RobotsChecker

halldyll_robots::checker

Struct RobotsChecker

pub struct RobotsChecker { /* private fields */ }

Expand description

Main robots.txt checker with caching and fetching.

This is the primary entry point for checking URLs against robots.txt. It combines fetching, caching, parsing, and matching into a single API.

§Example

use halldyll_robots::{RobotsChecker, RobotsConfig};
use url::Url;

#[tokio::main]
async fn main() -> Result<(), Box<dyn std::error::Error>> {
    let config = RobotsConfig::default();
    let checker = RobotsChecker::new(config);
     
    let url = Url::parse("https://example.com/some/path")?;
    let decision = checker.is_allowed(&url).await;
     
    if decision.allowed {
        println!("URL is allowed");
    } else {
        println!("URL is blocked: {:?}", decision.reason);
    }
     
    Ok(())
}

Implementations§

impl RobotsChecker

pub fn new(config: RobotsConfig) -> Self

Create a new robots.txt checker with the given configuration.

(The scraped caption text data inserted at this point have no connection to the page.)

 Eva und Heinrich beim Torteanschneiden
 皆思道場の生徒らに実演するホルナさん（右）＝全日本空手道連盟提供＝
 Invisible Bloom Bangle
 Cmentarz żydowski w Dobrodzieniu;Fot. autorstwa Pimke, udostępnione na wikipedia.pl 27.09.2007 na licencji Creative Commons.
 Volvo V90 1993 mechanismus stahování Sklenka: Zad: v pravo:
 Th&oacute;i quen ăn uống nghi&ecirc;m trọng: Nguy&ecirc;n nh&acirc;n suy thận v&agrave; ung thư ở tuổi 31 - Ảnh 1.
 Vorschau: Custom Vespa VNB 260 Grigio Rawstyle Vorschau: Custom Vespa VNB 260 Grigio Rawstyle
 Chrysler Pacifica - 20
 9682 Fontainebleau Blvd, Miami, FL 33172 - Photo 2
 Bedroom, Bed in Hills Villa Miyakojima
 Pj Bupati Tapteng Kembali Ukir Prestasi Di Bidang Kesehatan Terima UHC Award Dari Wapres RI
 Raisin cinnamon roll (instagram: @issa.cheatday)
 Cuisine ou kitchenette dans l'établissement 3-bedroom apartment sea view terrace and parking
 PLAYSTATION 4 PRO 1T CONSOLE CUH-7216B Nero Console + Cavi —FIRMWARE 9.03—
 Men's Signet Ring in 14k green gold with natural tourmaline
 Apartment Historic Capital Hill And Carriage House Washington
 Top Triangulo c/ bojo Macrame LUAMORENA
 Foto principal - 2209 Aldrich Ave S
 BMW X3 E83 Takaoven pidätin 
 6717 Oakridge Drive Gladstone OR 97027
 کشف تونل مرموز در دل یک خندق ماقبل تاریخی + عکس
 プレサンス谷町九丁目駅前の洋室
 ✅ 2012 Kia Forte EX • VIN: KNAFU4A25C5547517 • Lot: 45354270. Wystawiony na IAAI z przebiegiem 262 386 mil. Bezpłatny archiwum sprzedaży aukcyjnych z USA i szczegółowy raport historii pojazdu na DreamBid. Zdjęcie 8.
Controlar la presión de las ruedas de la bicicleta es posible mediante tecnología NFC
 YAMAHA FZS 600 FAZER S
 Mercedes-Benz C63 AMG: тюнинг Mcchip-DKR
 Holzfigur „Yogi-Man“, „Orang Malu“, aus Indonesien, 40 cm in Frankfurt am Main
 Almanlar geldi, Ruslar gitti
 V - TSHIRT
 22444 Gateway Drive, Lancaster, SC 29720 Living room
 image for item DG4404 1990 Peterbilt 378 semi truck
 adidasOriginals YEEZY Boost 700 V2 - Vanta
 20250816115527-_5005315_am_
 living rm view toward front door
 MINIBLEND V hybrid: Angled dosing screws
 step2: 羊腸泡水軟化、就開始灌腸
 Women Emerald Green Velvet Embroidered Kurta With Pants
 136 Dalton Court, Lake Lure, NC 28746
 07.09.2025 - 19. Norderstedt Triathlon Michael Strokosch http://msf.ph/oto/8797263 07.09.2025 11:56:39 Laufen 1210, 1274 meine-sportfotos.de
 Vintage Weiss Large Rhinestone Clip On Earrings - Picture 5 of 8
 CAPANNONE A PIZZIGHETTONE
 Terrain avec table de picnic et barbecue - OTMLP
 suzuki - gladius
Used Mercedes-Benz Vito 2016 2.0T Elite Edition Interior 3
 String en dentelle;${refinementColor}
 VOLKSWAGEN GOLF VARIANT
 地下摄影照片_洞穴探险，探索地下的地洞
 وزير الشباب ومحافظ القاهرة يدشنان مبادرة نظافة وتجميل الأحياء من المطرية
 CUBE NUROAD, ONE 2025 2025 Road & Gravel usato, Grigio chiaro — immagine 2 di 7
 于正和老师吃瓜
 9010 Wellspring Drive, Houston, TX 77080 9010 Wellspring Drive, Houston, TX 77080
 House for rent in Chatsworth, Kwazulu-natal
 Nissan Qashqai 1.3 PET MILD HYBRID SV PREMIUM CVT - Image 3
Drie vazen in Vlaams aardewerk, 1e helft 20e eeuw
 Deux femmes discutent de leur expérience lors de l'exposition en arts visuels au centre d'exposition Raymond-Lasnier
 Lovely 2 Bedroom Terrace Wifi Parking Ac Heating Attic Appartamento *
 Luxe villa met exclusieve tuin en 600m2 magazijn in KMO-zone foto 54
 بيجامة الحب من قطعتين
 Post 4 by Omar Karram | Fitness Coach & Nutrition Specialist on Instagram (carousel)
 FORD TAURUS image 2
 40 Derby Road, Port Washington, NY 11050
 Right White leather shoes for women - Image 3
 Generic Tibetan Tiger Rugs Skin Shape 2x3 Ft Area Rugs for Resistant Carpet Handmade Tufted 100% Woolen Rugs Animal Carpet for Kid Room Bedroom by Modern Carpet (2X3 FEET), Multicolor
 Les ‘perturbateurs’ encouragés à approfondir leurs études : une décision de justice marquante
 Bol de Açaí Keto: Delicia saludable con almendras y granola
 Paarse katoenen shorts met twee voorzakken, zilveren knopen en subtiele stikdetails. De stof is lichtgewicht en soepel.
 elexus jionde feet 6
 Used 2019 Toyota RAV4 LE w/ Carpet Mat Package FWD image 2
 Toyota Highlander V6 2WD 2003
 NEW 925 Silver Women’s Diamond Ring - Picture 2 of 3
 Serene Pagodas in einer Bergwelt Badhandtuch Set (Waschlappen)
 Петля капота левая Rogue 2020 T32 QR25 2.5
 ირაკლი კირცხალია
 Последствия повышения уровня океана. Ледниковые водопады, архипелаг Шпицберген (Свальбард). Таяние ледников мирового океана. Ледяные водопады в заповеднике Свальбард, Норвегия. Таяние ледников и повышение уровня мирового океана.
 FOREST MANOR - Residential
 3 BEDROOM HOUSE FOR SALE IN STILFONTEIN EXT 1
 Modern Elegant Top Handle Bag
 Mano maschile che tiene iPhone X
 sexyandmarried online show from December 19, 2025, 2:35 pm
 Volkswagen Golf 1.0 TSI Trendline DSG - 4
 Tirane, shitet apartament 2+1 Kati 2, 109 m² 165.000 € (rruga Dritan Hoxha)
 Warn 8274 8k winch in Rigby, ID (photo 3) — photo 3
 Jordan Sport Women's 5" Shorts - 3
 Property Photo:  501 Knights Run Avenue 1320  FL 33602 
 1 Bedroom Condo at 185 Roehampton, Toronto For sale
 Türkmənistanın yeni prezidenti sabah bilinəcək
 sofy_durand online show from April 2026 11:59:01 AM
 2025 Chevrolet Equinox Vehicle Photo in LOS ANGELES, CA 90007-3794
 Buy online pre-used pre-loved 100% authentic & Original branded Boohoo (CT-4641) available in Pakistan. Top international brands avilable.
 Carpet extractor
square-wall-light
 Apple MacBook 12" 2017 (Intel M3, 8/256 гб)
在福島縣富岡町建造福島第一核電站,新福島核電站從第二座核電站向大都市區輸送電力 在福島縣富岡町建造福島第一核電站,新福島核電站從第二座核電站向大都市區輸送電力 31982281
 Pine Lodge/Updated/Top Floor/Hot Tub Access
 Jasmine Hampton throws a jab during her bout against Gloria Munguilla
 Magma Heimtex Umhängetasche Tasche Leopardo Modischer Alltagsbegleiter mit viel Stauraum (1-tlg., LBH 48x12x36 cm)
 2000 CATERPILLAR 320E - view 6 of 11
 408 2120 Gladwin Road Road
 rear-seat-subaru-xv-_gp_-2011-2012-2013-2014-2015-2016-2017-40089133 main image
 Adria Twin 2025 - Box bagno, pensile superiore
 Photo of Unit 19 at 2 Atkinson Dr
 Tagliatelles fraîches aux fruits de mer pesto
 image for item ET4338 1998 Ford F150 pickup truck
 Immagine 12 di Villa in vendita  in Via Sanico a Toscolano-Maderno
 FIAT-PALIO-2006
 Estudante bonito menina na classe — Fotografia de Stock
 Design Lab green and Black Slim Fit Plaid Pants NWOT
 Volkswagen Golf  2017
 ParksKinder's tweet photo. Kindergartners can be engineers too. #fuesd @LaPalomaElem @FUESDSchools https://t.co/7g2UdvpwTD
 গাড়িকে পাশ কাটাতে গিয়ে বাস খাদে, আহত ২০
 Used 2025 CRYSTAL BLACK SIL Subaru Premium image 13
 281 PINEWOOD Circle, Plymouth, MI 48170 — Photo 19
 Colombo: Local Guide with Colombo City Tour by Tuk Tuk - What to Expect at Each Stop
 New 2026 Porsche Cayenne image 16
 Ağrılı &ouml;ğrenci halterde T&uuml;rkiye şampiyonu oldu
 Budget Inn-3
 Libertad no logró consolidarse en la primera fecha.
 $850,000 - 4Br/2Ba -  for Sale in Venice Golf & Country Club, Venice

pub fn with_persistence(config: RobotsConfig, persist_dir: &str) -> Self

Create a checker with file-based cache persistence.

The cache will be saved to and loaded from the specified directory.

pub async fn is_allowed(&self, url: &Url) -> Decision

Check if a URL is allowed by robots.txt.

This is the main method for checking crawl permissions. It will:

Extract the origin (scheme + authority) from the URL
Check the cache for an existing policy
Fetch robots.txt if not cached
Match the URL path against the rules

§Returns

A Decision with allowed status and the reason for the decision.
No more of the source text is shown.